During the Civil War, he was actively employed as an inspector by the United States Sanitary Commission, and for a period was in charge of its operations in the Army of the Potomac as chief inspector. He published a brief history of the Commission in 1866.

He became president of the Frederick County School Board in 1865 where a major interest was in developing school facilities for African-American children. In 1871 he was elected by the Republicans to the Maryland Senate, representing Frederick County for four years. He was re-elected for a like term in 1875, and again in 1879. He served until 1884. From 1855 until 1858, he was a contributor to, and afterward assistant editor of, The American Medical Monthly. His efforts were chiefly responsible for the Maryland General Assembly adopting the 1876 Great Seal of Maryland, which remains the State's Seal to this day.

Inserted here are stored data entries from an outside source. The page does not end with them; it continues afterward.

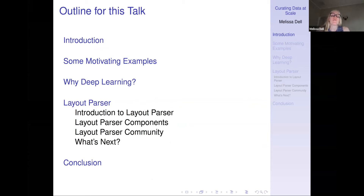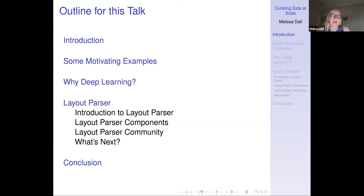I'm going to start out by giving some motivating examples of the types of data we can access using deep learning-based methods for curating data that would otherwise be inaccessible. I'll say a word about why deep learning — because this is a question I get all the time: isn't there another way to do this? I'm going to argue that in most cases, no — when it comes to automated data curation, deep learning is likely to significantly outperform alternative approaches. Then I want to spend most of the time focused on an open source package called Layout Parser, which allows for document image analysis at scale using a simple, straightforward Python API.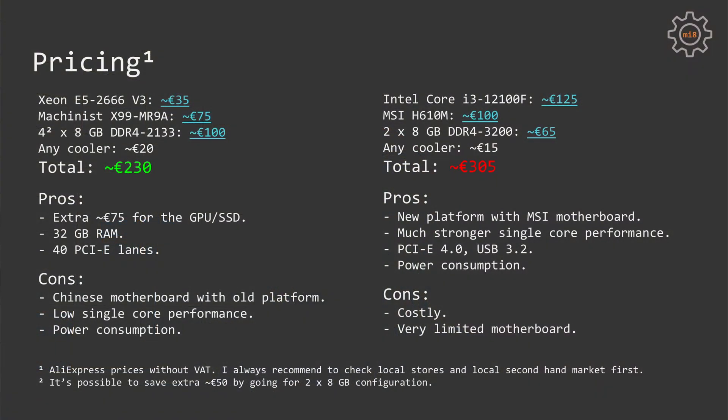Let's start with the Xeon E5 2666 V3. This CPU can be paired with Machinist X99 MR9A motherboard that I have reviewed not long ago, and it has a semi-decent VRM which is enough for Xeon E5 2666 V3. Then we can get the cheapest DDR4 memory, four sticks 8GB each, or even two sticks 8GB each.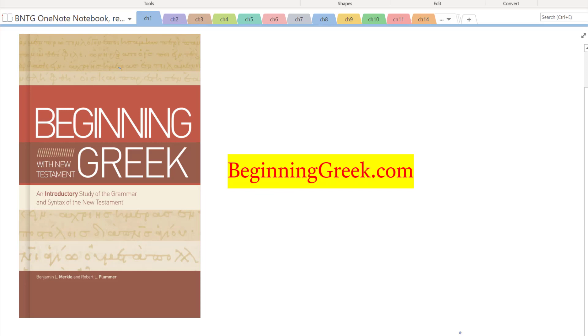Hello, and welcome to this weekend edition of the Daily Dose of Greek. Today I want to talk about a new introductory Greek grammar that has just come out.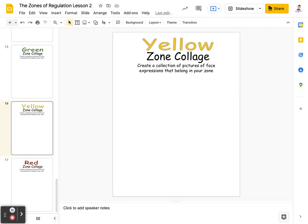All right, so now it is time for the yellow zone. Let's think back and remember which zone the yellow one is and which kind of feelings go in there. We've already reviewed by playing our bingo game today.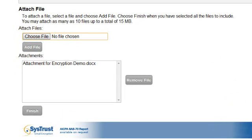If I wanted to, I could attach additional documents here, but just for this demonstration, I'll just be attaching this one document. Once I'm finished, I'll press my finish button.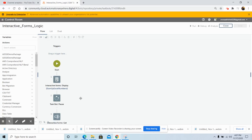In today's video we saw how we can create an interactive form and how to interact between a taskbot and an interactive form using the interactive forms package. In the next video we will continue with another usage of the interactive forms package. Please watch, like, and subscribe to my YouTube channel for more upcoming videos. If you have any queries, feel free to ask and I will be happy to answer. Till then, have a great day!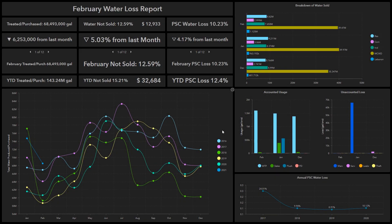This is the water loss dashboard. We look at a few things: what is the amount of water we're selling, what is the amount of water we're not selling, how much did we purchase, how much did we produce, and then how much did we lose. There are a lot of ways to calculate water loss.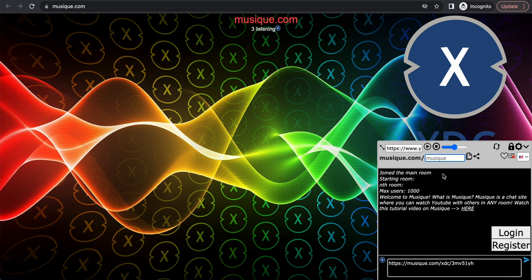That's basically it — how to listen to music playlists with your friends on Musique. Share the site with your friends. Create a private room, paste the list of YouTube links into the text box, copy the private room link and share it with your friends, and you guys can start playing games or doing whatever while listening to music in sync. Thanks for watching, have a good day!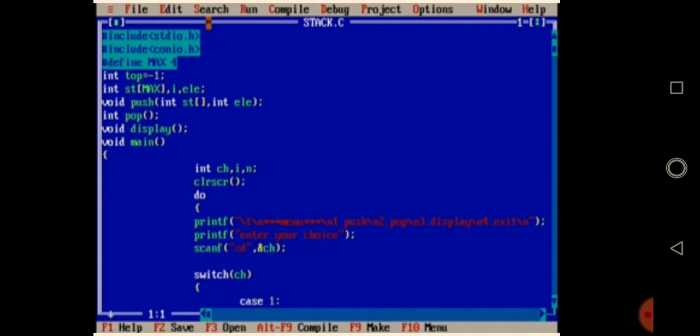In the program, we have hash include stdio.h and hash include conio.h as header files. I'm defining stack size to be 4, and declaring push, pop, and display functions. Inside the main function, I'm asking the user to enter a choice: 1 for push, 2 for pop, 3 for display, and 4 for exit.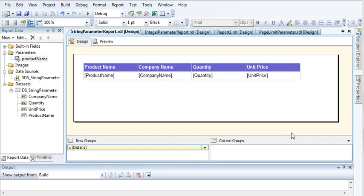Hi guys, welcome to the SQL Server Reporting Services tutorial series. In this video, I am going to show you how to create an integer drop-down based report where I will pass an integer as a parameter to display records from the database.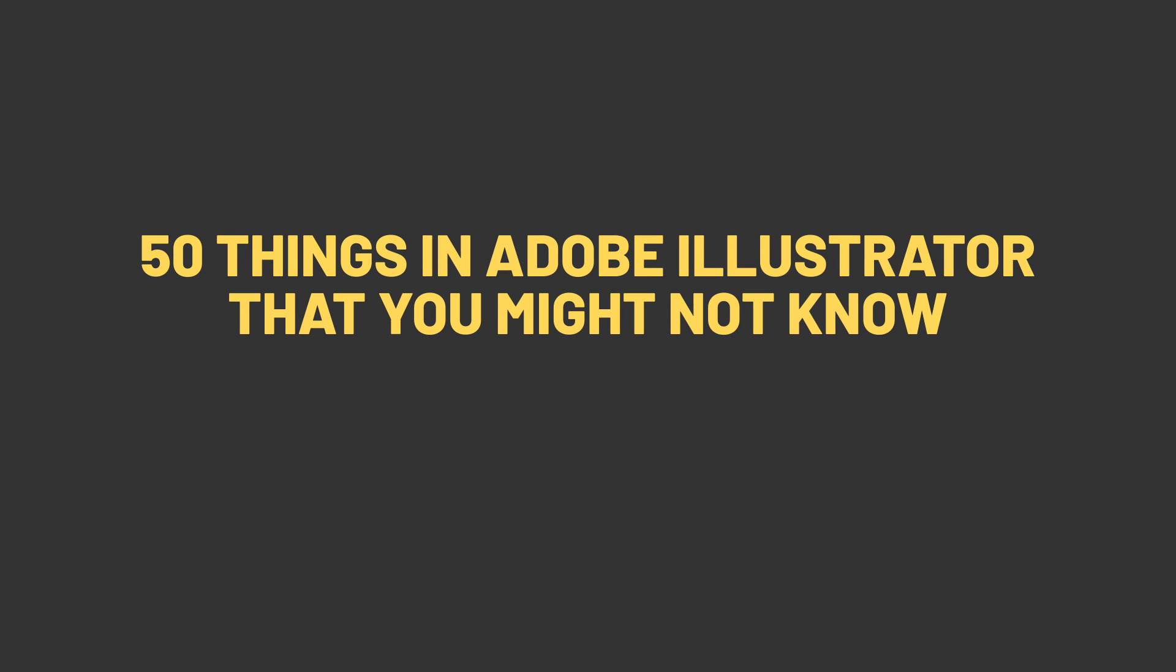50 things in Adobe Illustrator that you might not know. Timestamps are in the description.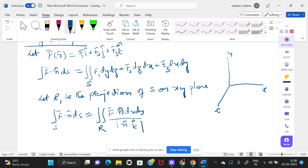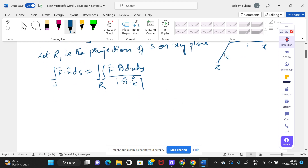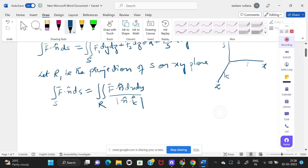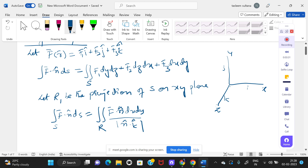This is your y and this is your z, so this will be your i, this will be the j, and this will be your k. On the xy-plane, its projection — z is making the projection — it is a k-vector. When your projection is on the yz-plane, what will be your n vector?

In 1884 he was appointed librarian of the Enoch Pratt Free Library, remaining there until his death. He was a Reformed Church elder.

A collection of his papers is held at the National Library of Medicine in Bethesda, Maryland.

==Family==
In 1866, he married Sarah Spencer Smyth. They had six children, of which one, his son Bernard Christian Steiner, succeeded his father as librarian.

==Works==
- edition of Heinrich Will, Outlines of Chemical Analysis, translated from the 3rd German edition, with Daniel Brud (Cambridge, Massachusetts, 1855)
- Cantate Domino: a Collection of Chants, Hymns, etc., for Church Service, with Henry Schwing (Boston, 1859)
- Report containing a Diary kept during the Rebel Occupation of Frederick, Md., etc. (New York, 1862)
He published other translations from the German, with monographs, reports, lectures, and speeches.